In and amongst all this was Love and Romanpunk, an entirely different experience. I took a month to write the stories for this four story collection, knowing it was all the time I could spare – and from that, only two of the stories I produced were really, really good. Alisa proved her worth as an editor and publisher (not that she NEEDED to prove herself to me) by only accepting those two, and making me lift my game. Those two stories, “The Patrician” and “Julia Agrippina’s Secret Bestiary”, belonged to the same universe, and it only made sense that instead of putting them with two other vaguely Ancient-Rome-themed stories, they should be part of a suite of four.

The books had to wait, and wait, but then I finished Book Three of the trilogy and had the summer to work on short stories in between the child-juggling that comes with school holidays. First came “Lamia Victoriana”, a story I had been wanting to write back in my original month, but which simply wasn’t cooked back then. I had been inspired by the story of Fanny Wollstonecraft/Godwin, half sister to the more famous Mary Shelley, after reading Death and the Maidens by Janet Todd, and I wanted to give Fanny a different fate. Not sure if being surrounded by lamia was an improvement, but it was certainly more fitting to the universe I had created!
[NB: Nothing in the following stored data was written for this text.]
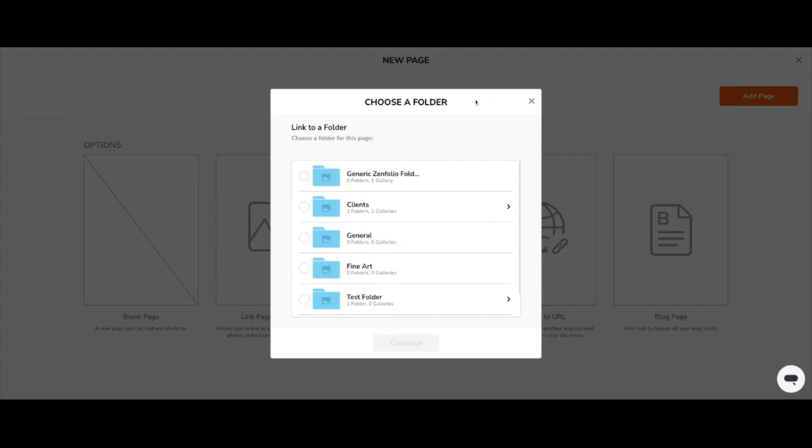A new pop-up window will appear. In this window, you can navigate to the folder that you'd like to link to the page and click it. You can tell when you've chosen the folder because an orange radial button will appear to the left of it. In this case, I'm going to choose this top folder.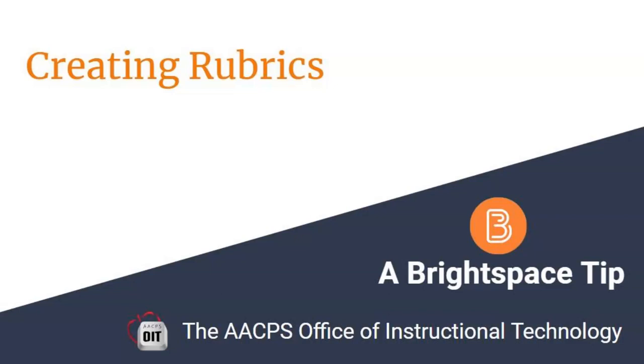Rubrics in Brightspace. A Brightspace tip brought to you by the Anne Arundel County Public Schools Office of Instructional Technology.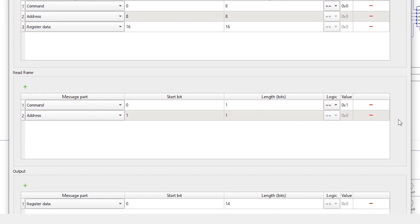The read frame defines the read command coming from the SPI master. Using this message, the master requests data from the slave at the specified address. Read frames must contain command and address spots. The command and address spots of the read and write frames must start from the same bit and have the same length.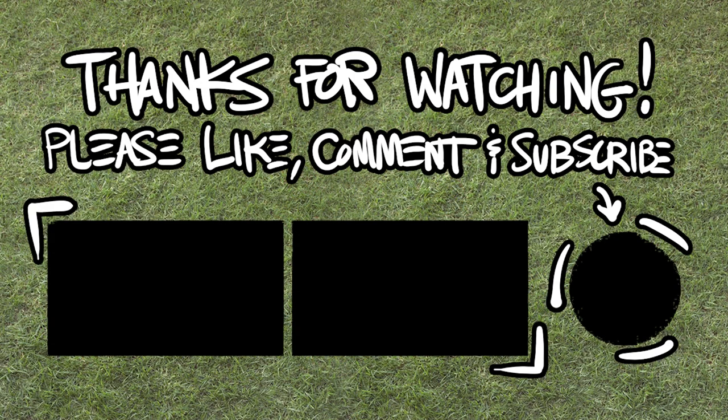As always, like, comment, subscribe, yada yada yada. And we'll see you in the future. Go Giants!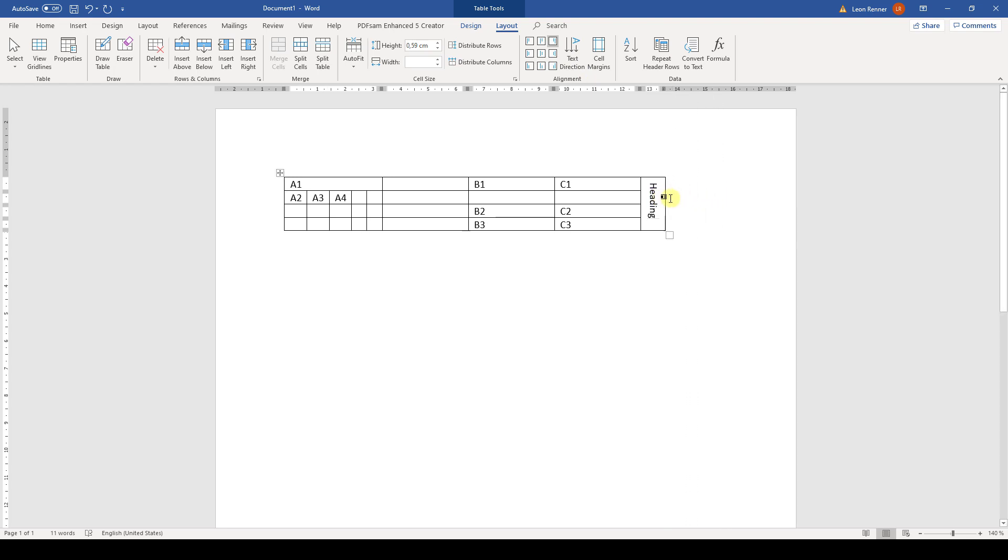And that's it. Now you know how to create a table and customize the layout of a table. I know this was a lot of input, so go ahead and try all of the mentioned options to internalize them. Watch the other videos to learn more about tables in Word.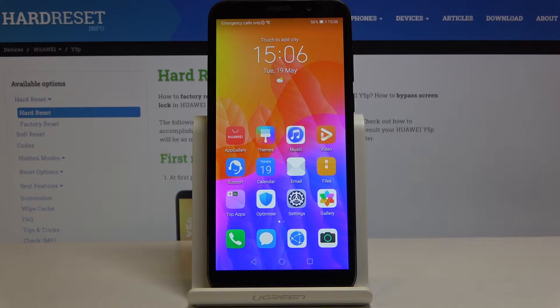Here I've got the Huawei Y5P and let me show you how to change the keyboard dictionary on this device.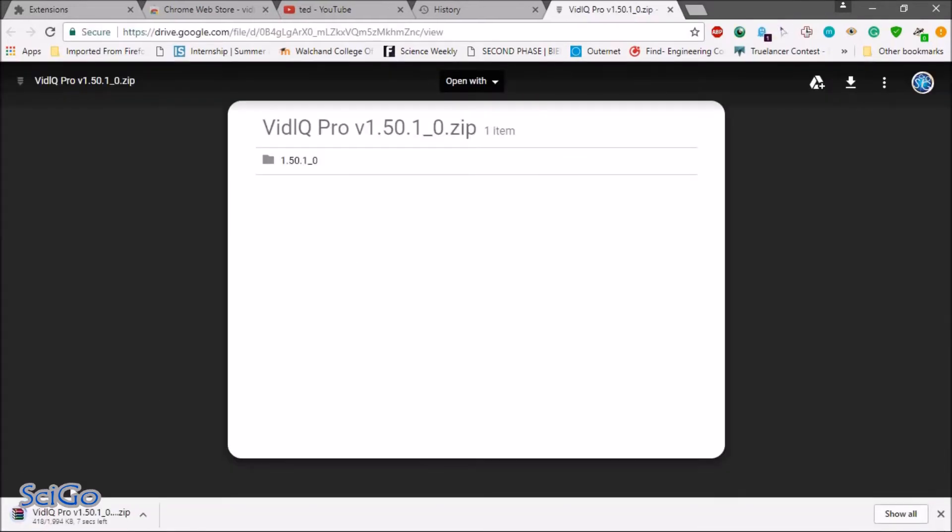You can see that my vidIQ Pro folder is get downloaded.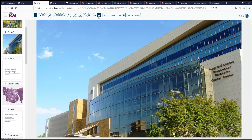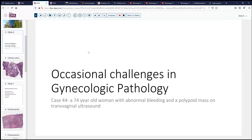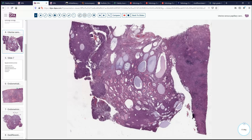Our case today again comes from gynecologic pathology — a 74-year-old woman who has noted some abnormal abdominal bleeding and now has a polypoid mass detected on transvaginal ultrasound. Hysterectomy ensued, and in the hysterectomy specimen we can see myometrium and atrophic endometrium with this rather bulky polypoid structure of several centimeters in size.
The final story almost wrote itself – I knew all the elements from quite early, borrowing the title from one of my failed original stories (“Last of the Romanpunks”), and nothing else. As has now become fairly standard for me, however, the easier it is to write a piece, the more editing it will require later on! I took a leaf out of the book of Steven Moffat with his Doctor Who finale and made the story a sequel to all the others (though in some cases only tangentially) – something that could only be possible in this format, though I like to think the story can stand alone. It will certainly have more narrative resonance exactly where it is – the fourth in a collection of four.

Now my books are all done, but that means simply that it’s time to start again. I have received two grants this year to write Fury, a Nancy Napoleon novel, sequel to “Siren Beat” – and I’m definitely at the ‘why isn’t this easier, I’ve been looking forward to it for months’ stage. “Siren Beat” was one of the easiest pieces I’ve ever written – once Nancy’s voice came to me, the story just poured on to the page, and it required very little (for once!) in the way of shaping and editing afterwards. But I’ve written several books since then, and had another child, and finding Nancy’s voice is Actual Work, even with her playlist of music blaring in the background.

It will come, though. I will find the momentum and hit the sweet spot and the novel will unfold around me. I’m having to take actual thinking time with this one, turning it over in my head rather than letting it unfold as I write, and that is a shock to the system. Also, the story being set in my home town rather than an imaginary universe, I’m actually needing to GO PLACES and LOOK AT STUFF which is, again, hard to get used to. Once again, I have to come to terms with the fact that every book is different, and can’t be written the same way as any previous book.

You’d think I’d have learned that by now.